*Information supplied*.
↓
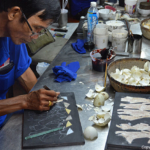 Een man is bezig met het maken van een schilderij in het atelier van Handicapped Handicrafts in Ho Chi Minh City<br/>Copyright © JTravel.nl Een man is bezig met het maken van een schilderij in het atelier van Handicapped Handicrafts in Ho Chi Minh City / Copyright © JTravel.nl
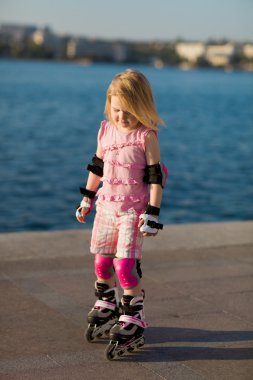 güzel genç kız Park rollerskates Tarih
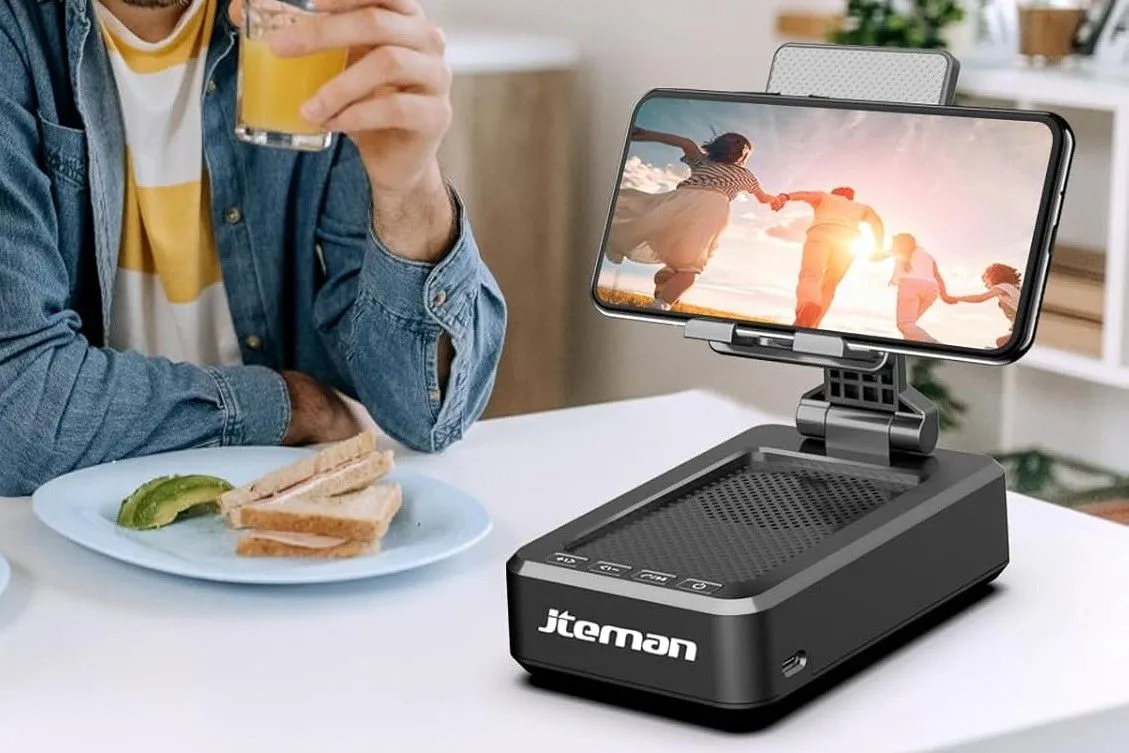 iPhone đặt trên dock loa màu trắng, biểu thị khả năng biến iPhone cũ thành một loa thông minh.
↑
*Exercise brief*. Leave the pictures out and reproduce exactly the lines from the top of the listing above through the line with "güzel genç kız Park rollerskates Tarih".

*Response for this exercise*.
 Een man is bezig met het maken van een schilderij in het atelier van Handicapped Handicrafts in Ho Chi Minh City<br/>Copyright © JTravel.nl Een man is bezig met het maken van een schilderij in het atelier van Handicapped Handicrafts in Ho Chi Minh City / Copyright © JTravel.nl
 güzel genç kız Park rollerskates Tarih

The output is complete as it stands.